Seit Charlottesville ist klar: In Trumps Amerika marschieren Mitglieder des Ku-Klux-Klan, Neonazis und die Rechtsextremisten der "Alt-Right"-Bewegung ungeniert auf. Trump wirkt - kaum überraschend - auf die ohnehin zerrissene amerikanische Gesellschaft wie ein Brandbeschleuniger. Und mit Trump im Weißen Haus wird der Blick der Welt auf den hässlichen Amerikaner: dumpf, militant, radikal. Dass die republikanische Partei dem 45. US-Präsidenten die Mauer macht, war nach dem Bekanntwerden der dubiosen Russland-Connection höchst fragwürdig - nach den jüngsten Geschehnissen verraten die republikanischen Abgeordneten nun alle Werte, für die das zivilisierte Amerika steht, wenn sie weiter ihre schützende Hand über den Demagogen im Weißen Haus halten.
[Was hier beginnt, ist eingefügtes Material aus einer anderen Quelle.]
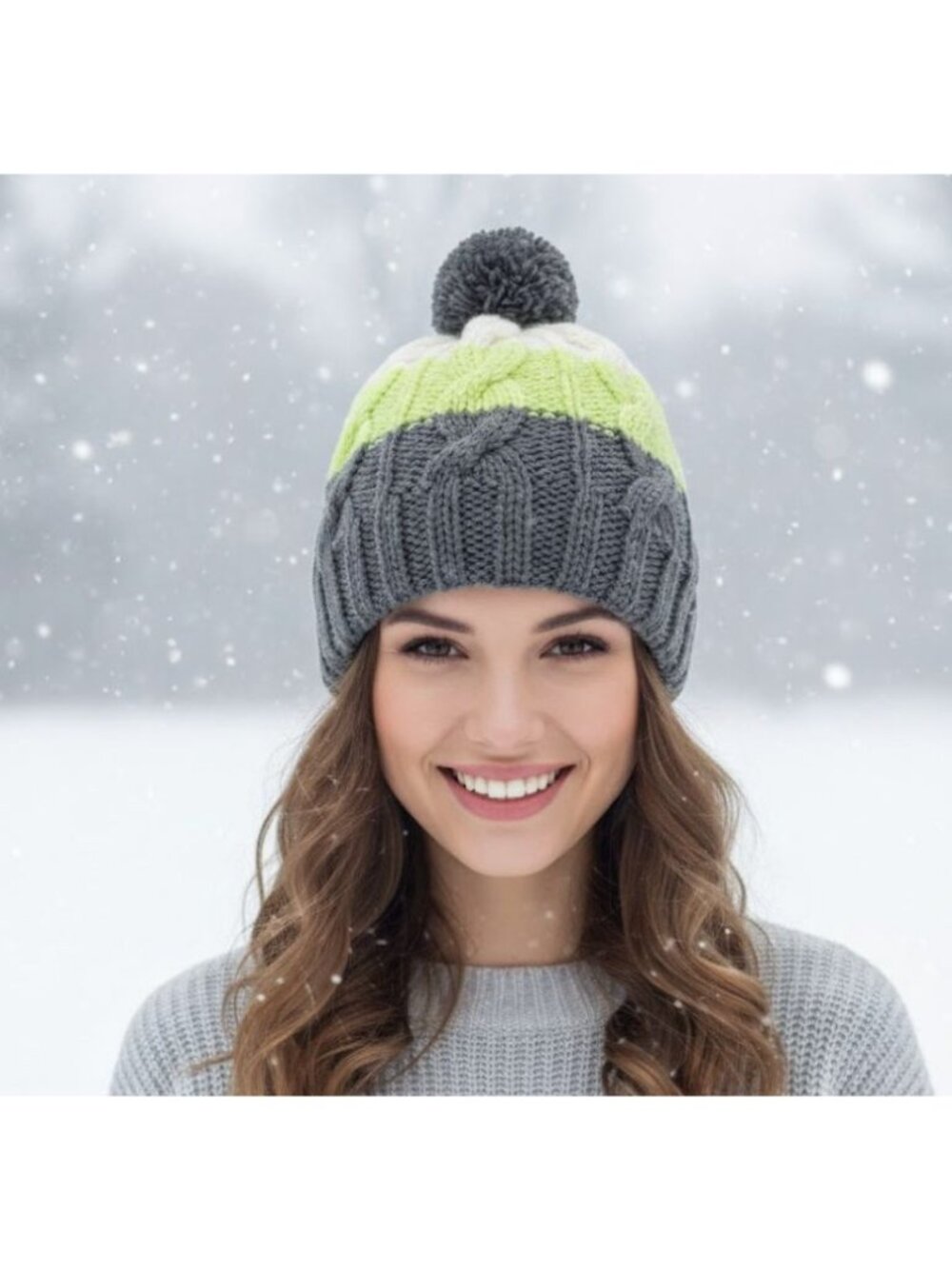 ⭐Unisex Handmade Cable Knit Pom Beanie Color Block Grey Lime Green Winter Hat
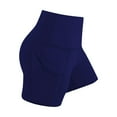 thumbnail image 4 of adviicd Biker Shorts Women Tummy Control 5" Workout Shorts Women with Pockets High Waisted Spandex Short for Gym Yoga Dark Blue, S, 4 of 4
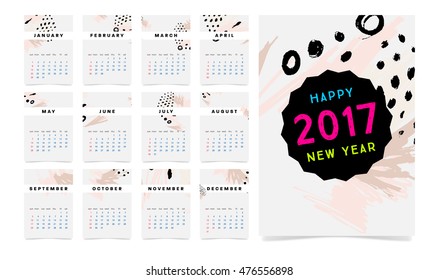 Calendar for 2017 vector template with abstract watercolor pattern. Week starts from sunday.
Man sollte trotz alledem nicht vergessen, dass Trump eine zur Fratze entstellte Horror-Karikatur der USA ist. Am Tag 208 seiner Amtszeit erklärten schließlich fast 60 Prozent der US-Bürger, dass sie mit der Amtsführung von Donald Trump unzufrieden seien. Heather Heyer hat für ihr Eintreten für US-Grundwerte und gegen den Hass in Charlottesville mit ihrem Leben bezahlt. Vor dem Trump-Tower in Manhattan demonstrieren aufrechte New Yorker, Medien und Institutionen nehmen Trump in die Verantwortung. Sie machen ihre Arbeit. Nun ist es an der Zeit, dass die republikanischen Abgeordneten ihre Arbeit machen.